The SDU can also be thought of as a set of data that is sent by a user of the services of a given layer, and is transmitted semantically unchanged to a peer service user.

== SDU and PDU ==
It differs from a PDU in that the PDU specifies the data that will be sent to the peer protocol layer at the receiving end, as opposed to being sent to a lower layer.

The SDU accepted by any given layer (n) from layer (n+1) above, is a PDU of the layer (n+1) above. In effect the SDU is the 'payload' of a given PDU. The layer (n) may add headers or trailers, or both, to the SDU and may do other kinds of reformatting, recoding, splitting or transformations on the data, forming one or more layer (n) PDUs. The added headers or trailers and other possible changes are part of the process that makes it possible to get data from a source to a destination. Layer (n) may also generate additional layer (n) PDUSs. Each unit of data that layer (n) gives to layer (n-1) below is in turn handed down as a layer (n-1) SDU.
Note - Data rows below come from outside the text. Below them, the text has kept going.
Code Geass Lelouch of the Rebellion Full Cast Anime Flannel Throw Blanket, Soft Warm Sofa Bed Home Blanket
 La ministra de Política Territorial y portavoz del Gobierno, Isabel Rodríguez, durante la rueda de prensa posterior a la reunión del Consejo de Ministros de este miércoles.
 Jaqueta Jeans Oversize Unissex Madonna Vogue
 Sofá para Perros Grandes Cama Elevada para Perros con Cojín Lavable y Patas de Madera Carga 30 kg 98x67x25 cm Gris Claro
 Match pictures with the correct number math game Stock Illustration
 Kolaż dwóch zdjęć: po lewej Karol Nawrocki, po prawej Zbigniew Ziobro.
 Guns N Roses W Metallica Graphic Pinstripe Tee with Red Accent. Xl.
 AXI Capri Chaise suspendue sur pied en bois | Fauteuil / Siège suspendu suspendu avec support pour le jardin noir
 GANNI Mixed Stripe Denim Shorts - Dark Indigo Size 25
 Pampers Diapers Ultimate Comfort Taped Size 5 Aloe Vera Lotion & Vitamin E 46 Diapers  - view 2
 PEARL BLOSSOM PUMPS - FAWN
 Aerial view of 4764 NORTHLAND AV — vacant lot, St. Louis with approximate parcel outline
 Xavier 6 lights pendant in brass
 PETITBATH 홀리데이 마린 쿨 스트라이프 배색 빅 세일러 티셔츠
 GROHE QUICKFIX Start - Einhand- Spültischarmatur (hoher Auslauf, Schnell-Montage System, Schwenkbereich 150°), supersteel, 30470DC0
When the PDU of layer (n+1), plus any metadata layer (n) would add; would exceed the maximum size a layer-n PDU can be (called layer (n)'s maximum transmission unit); the SDU must be split into multiple payloads for layer (n); a process known as fragmentation.

=== MAC SDU ===
MAC SDUS or MSDUS are data units transmitted between other Media access controllers on a lower OSI Layer. The PDU counterpart MAC PDU that does the same thing but on the same OSI Layer. When there are larger MAC PDU's as MAC SDU's in the system, the MAC PDU includes more MAC SDU's, because of packet aggregation. If the MAC PDU's are smaller then the MAC SDU's includes more MAC PDU's, because of packet segmentation.